In a Biblical society, male status defaults to one higher than women. My experiences in Amish, (old school) Mormon, and non-Western societies is that a man merely has to show up for the women to chase him. In a balanced society, the bulk of the men have a status higher than the bulk of women, so hypergamy is satisfied without any specific "game". When you have status, you naturally act according to it. No "faking" higher status than you have.

The fundamentals have to be sorted; the fundamentals are obedience to God. God has Laws. They are in the Bible. Game illuminates the consequences of sin, but its bandaid approach is nowhere near enough. So I say, it is a nuclear arms race... a race against God. And God always wins. Even the men with the best Game will stumble and be punished if they ignore this.

Brad Andrews said...

I couldn't find the Scripture the other day, but I remember reading something about it being wrong to even talk of the wicked deeds some sinners do. That would make pointing people to sites like CH a bit dubious (at best) if I remember it correctly.

I have no problem with the principles. My challenge is with the boast of evil deeds.
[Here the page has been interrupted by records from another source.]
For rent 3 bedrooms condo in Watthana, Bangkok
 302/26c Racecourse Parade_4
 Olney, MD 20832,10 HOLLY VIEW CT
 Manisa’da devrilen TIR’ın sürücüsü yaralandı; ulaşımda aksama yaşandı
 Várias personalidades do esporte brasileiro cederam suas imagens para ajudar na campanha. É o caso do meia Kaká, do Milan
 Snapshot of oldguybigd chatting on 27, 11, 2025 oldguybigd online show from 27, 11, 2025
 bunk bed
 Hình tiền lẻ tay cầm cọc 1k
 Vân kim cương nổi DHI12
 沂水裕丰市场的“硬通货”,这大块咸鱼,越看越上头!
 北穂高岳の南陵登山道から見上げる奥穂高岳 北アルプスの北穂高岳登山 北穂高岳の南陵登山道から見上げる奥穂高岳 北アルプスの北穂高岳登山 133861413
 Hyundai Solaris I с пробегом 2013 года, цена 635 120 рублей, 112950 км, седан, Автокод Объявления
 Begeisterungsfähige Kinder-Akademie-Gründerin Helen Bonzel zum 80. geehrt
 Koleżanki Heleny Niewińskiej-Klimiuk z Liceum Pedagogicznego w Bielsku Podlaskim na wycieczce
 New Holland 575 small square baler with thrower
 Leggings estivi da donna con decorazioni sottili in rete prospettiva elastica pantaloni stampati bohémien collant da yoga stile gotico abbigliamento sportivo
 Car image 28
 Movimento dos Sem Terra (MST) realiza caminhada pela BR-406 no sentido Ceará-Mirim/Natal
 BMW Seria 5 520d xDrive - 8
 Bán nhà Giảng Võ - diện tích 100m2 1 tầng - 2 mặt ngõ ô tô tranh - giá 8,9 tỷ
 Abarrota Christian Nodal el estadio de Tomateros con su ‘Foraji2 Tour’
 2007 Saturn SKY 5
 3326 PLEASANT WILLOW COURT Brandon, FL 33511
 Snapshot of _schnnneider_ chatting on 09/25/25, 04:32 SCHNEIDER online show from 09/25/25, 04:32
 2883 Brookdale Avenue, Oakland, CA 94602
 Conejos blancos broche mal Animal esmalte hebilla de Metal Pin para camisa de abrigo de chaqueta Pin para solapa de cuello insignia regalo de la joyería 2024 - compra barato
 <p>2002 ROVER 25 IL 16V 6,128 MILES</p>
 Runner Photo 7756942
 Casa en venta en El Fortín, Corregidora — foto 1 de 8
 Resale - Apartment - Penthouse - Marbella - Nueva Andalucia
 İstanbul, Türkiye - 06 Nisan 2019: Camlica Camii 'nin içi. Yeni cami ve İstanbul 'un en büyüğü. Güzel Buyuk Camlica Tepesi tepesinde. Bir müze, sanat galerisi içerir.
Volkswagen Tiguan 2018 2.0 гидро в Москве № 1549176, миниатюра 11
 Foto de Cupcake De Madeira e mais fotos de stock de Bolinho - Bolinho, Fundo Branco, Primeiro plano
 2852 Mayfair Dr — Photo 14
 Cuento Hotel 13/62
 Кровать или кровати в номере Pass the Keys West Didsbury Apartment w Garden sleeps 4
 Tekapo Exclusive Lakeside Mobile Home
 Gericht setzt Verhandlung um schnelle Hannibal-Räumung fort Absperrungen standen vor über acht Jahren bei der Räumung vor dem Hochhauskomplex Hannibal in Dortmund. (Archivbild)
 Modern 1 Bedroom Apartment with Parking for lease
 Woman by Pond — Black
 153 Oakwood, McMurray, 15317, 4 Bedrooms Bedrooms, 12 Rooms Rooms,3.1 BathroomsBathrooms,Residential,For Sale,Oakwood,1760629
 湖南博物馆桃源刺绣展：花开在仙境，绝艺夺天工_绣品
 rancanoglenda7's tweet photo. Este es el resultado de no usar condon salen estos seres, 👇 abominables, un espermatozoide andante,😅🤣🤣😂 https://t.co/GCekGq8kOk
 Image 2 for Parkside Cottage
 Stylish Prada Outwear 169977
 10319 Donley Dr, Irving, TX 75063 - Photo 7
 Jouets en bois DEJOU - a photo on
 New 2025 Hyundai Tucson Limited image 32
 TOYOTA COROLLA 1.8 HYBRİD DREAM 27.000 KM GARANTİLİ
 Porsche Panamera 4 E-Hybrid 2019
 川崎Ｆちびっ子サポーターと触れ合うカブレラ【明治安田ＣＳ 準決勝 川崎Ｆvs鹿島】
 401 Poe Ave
That doesn't seem consistent with our call as Christians.

Tobias Templo said...

It is easy to claim that a man who shares his successful experience with very attractive women as a "boast of evil deeds".

It's like being the 9-to-5 working guy listening to an ex-9-to-5 working guy succeeding financial and now is financially independent and sharing how he did it.

It's easy because the very first emotion unsuccessful men normally feel when they hear these things is envy. Then the rationalization comes in - "he did something bad to get ahead".